Cowl and filter holder must be manufactured from non-corrosive material. Airtight fit of the inserted sample collection filter must be guaranteed. The length of the cowl before the filter must be 1.5 to 3.0 times the exposed (effective) filter diameter deff (diameter of the circular filter area being exposed) [1].

For fibre measurements in work areas the sampling heads usually used in phase-contrast microscopy analysis are suitable [3]. Figure 1 shows the schematic diagram of a suitable sampling head with a cassette serving as filter holder for the sample collection filter located on a backing filter. After sampling the cassette is sealed with covers and used as a transport vessel (filter case) (see also sampling system FAP-BIA in Figure 2).

Sampling pump:

For sampling a pump is used which is able to draw at least volumes of air between 0.24 L/min and 0.3 L/min per cm1 through the filter. Higher flow rates may be used for work areas with low dust concentrations.

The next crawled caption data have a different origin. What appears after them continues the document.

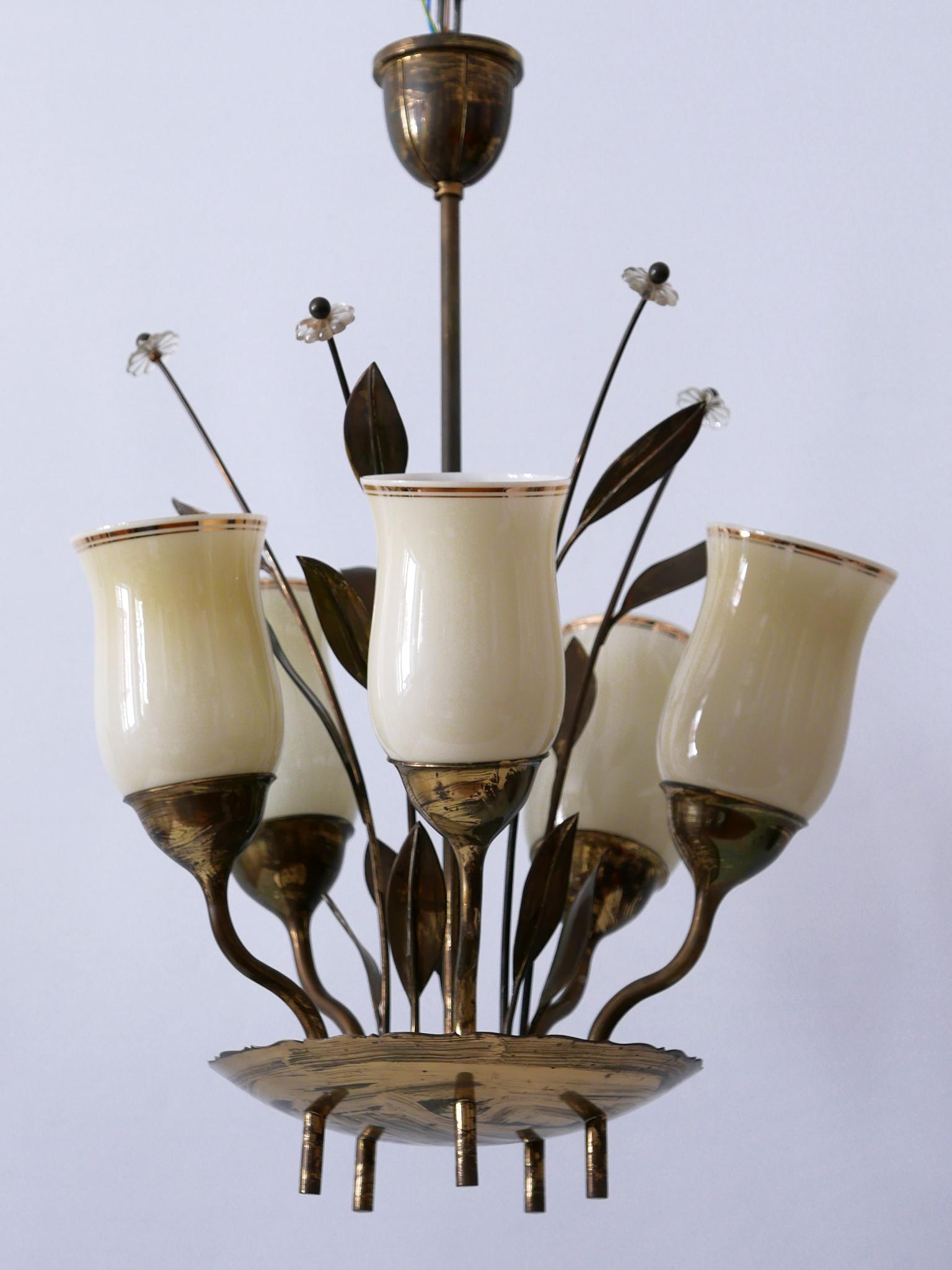 Patinated Exceptional Scandinavian Brass & Opal Glass Chandelier or Ceiling Lamp, 1950s For Sale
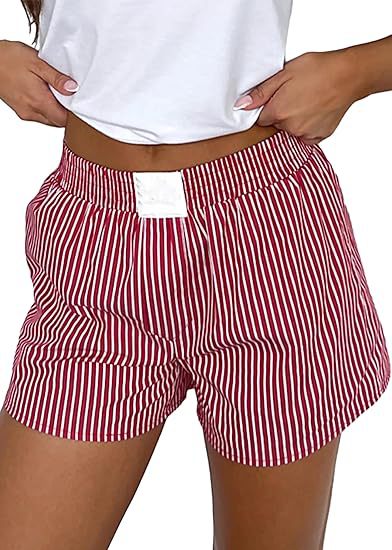 Short en vrac confortable rayé avec poches pour femmes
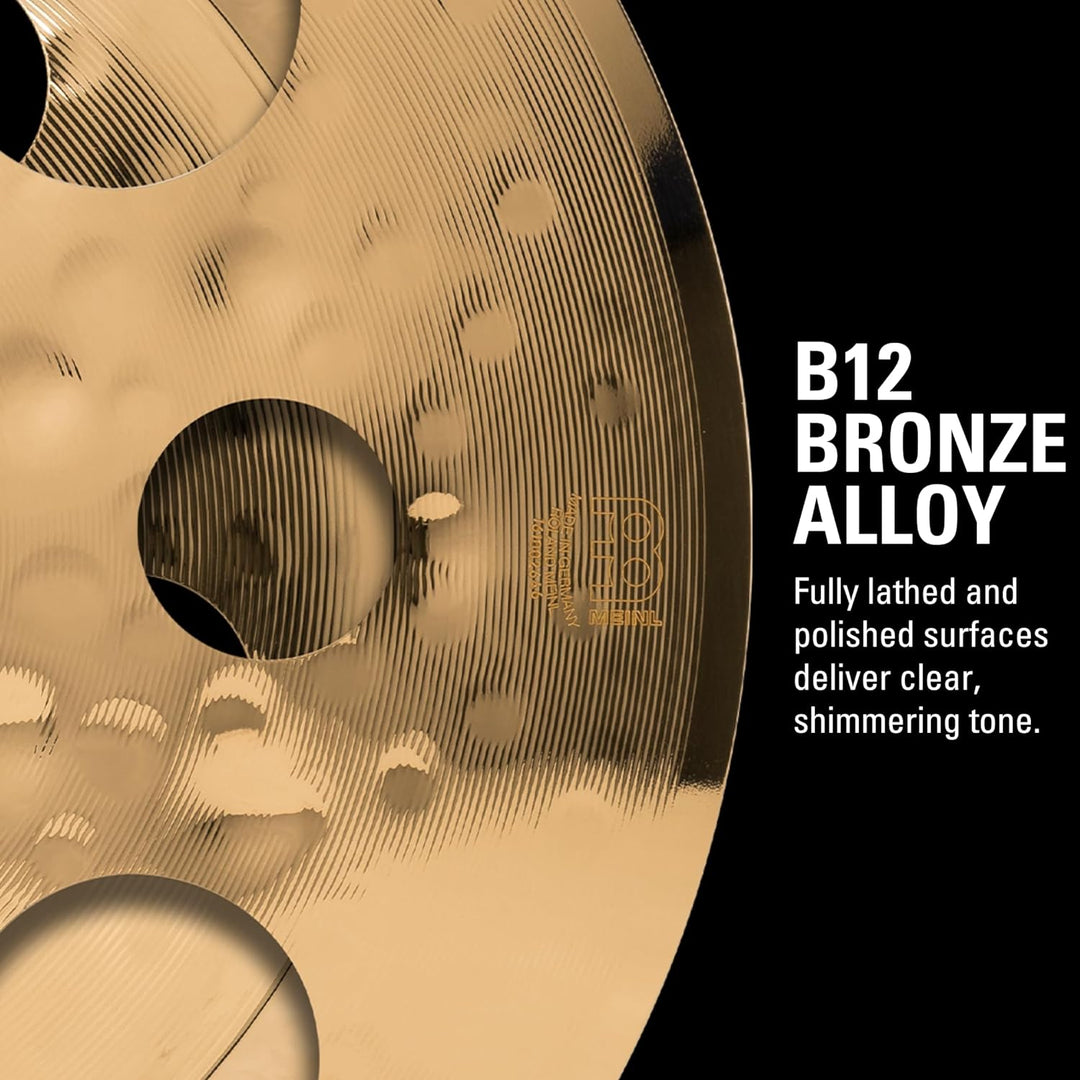 Meinl Cymbals Classics Custom Brilliant Trash Stack 16 Zoll (Video) Schlagzeug Becken mit Löchern –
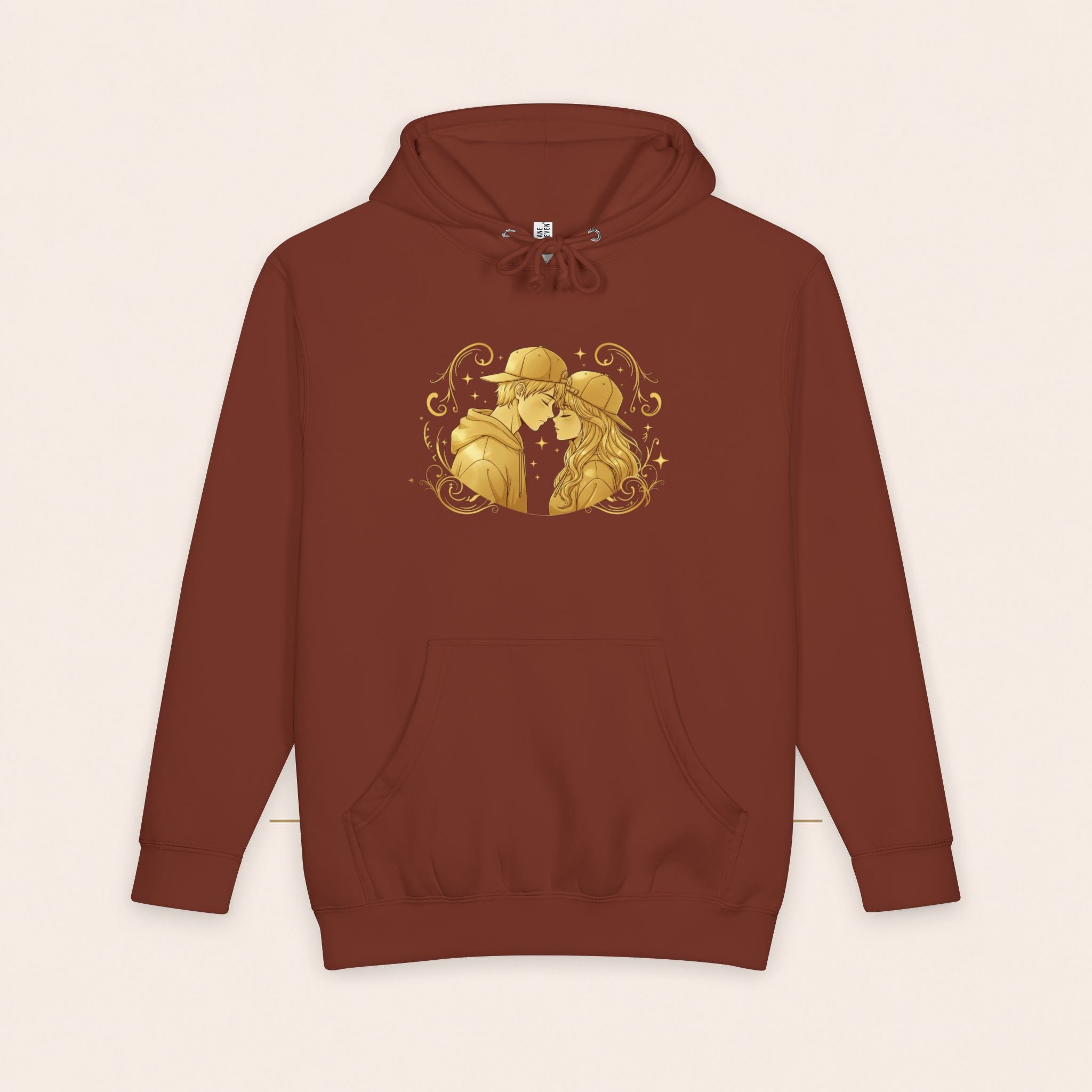 Romantic Golden Kiss Hoodie — Couples Illustration Pullover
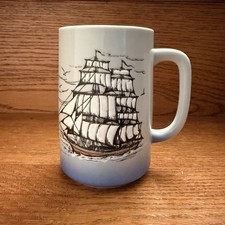 Otagiri Sailing Ship And Lighthouse Stoneware Coffee Mug Vintage picture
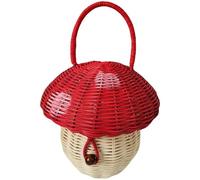 Zghhc Rattan Mushroom Shape Storage Basket Mushroom Woven Rattan Tote Bag Handle Basket Handbag for Children Girl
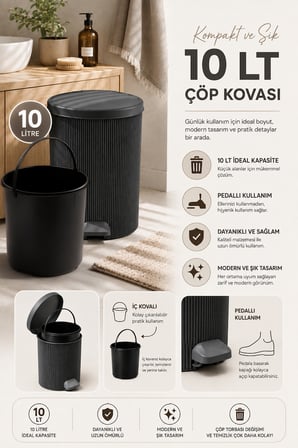 Porsima 0706 Still Antrasit 10 Litre Pedallı İç Kovalı Yuvarlak Banyo & Mutfak Çöp Kovası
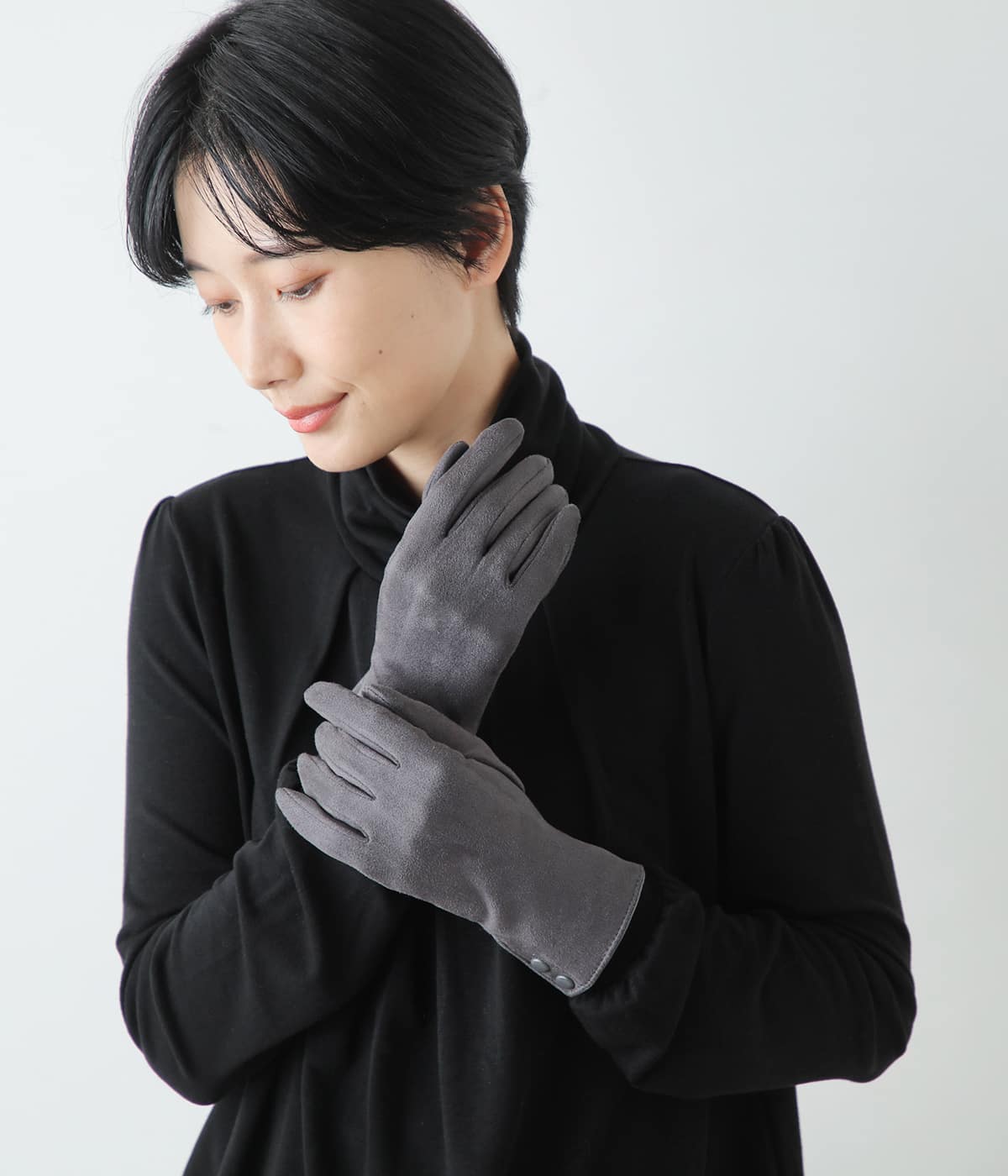 【WEB限定】SERGIO DE ROSA（セルジオデローザ） スエードタッチボタングローブ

The volumetric flow must be free of pulsation so that a secure flow rate measurement is possible. In case of a battery-driven pump is used, capacity of the battery must be sufficient for a continuous use throughout the entire sampling time chosen.

Flow meter:

Suitable measuring apparatus, permitting the measurement of the flow rate with a precision of better than 5 %. Monitoring is carried out using a calibrated volumetric flow meter (e. g. soap bubble flow meter, variable area flow meter).

Chronometer: Stop watch

Appliance for coating the capillary-pore membrane filter with gold1, e. g. from GaLa-Instrumente, D-65307 Bad Schwalbach.

Plasma asher (oxygen plasma), e.g. from GaLa-Instrumente, for removal of organic components on the loaded sample collection filter. Plasma ashers are commercially available for cold or low temperature incineration with capacitive or inductive coupling of the plasma. For inductive coupling it must be observed that the filter is not located within the field of the induction coils.

Scanning electron microscope, e. g. from Carl Zeiss NTS GmbH, D-73447 Oberkochen with EDXA, e.g. from Thermo Electron, D-63303 Dreieich for fibre counting and identification. The instrument must comply with the minimum requirements regarding detectability and identification (refer to Section 4.1).

Prior to sampling, the capillary-pore membrane filters must be coated with gold e.g. by means of a sputter coating unit. Suitable capillary-pore membrane filters sputter coated with gold are also commercially available. The coating with gold is required for an SEM image free of charge and has the following advantages compared to a subsequent coating:

• Geometrical dimensions of the fibres remain unchanged.

• The element peaks are not weakened.

• The filter remains stable during plasma ashing.

In order to minimize contrast variations an even gold layer thickness is necessary. A sufficient layer thickness can be assumed when the filter surface looses its dark colour during coating and takes on the typical metallic golden lustre and appears to have a green gleam when viewed in transmitted light.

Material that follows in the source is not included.